DÜSSELDORF. Die Debatte um die Inklusion bewegt die Lehrerschaft in Deutschland. Die dreiteilige Streitschrift von Prof. Hans Wocken, einem der renommiertesten Experten zum Thema in Deutschland also, auf News4teachers ist ein Riesenthema in vielen Kollegien. “Es beschäftigt die Kollegien immer noch sehr! Erst kürzlich forderten die Lehrkräfte einer Kölner Gesamtschule, die Inklusion mangels Ressourcen wieder auszusetzen”, so berichtet Tillmann Nöldeke, selbst Lehrer an einer Gesamtschule – und Vater eines behinderten Kindes. Nöldeke ist zudem Autor eines Buches zum Thema. Und er hat eine Replik auf Wocken verfasst, die wir in zwei Teilen veröffentlichen. Hier ist der erste.

Eine Inklusion, die nichts kostet, ist nicht zu machen. Also muss mehr Geld her. Foto: Shutterstock

Das Scheitern der Instant-Inklusion

Wer die Krise der schulischen Inklusion verstehen will, muss Felten und Wocken lesen: Der eine schreibt ein Buch darüber, weshalb Inklusion eine böse „Falle“ sei, die unser ach so schönes Bildungssystem „ruiniert“. Der andere gefällt sich in Spiegelfechterei über das Recht auf Inklusion und polemisiert gegen die Inklusionsgegner. Beiden scheint es vor allem um eines zu gehen: jeweils von ihrer Warte aus Recht zu behalten. (Links zu Beiträgen von Felten und Wocken finden Sie am Fuß dieses Beitrags, die Redaktion.)

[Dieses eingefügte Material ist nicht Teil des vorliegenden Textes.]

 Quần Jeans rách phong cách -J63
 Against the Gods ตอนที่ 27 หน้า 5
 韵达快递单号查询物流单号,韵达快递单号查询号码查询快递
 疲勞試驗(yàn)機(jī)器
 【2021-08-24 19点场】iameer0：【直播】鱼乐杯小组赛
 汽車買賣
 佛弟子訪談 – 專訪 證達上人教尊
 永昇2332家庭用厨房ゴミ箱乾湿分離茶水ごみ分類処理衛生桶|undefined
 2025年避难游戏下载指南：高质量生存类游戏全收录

Gerade von Wocken als „Integrations-Pionier“, der die Inklusion verteidigen will, kann, nein muss man mehr erwarten. Beispielsweise eine ehrliche Analyse der Barrieren und Fehlentwicklungen, die das gemeinsame Lernen in der Praxis bislang oft so schwierig macht. Und dann natürlich Vorschläge, was zu tun ist, um diese Hindernisse sukzessive zu überwinden.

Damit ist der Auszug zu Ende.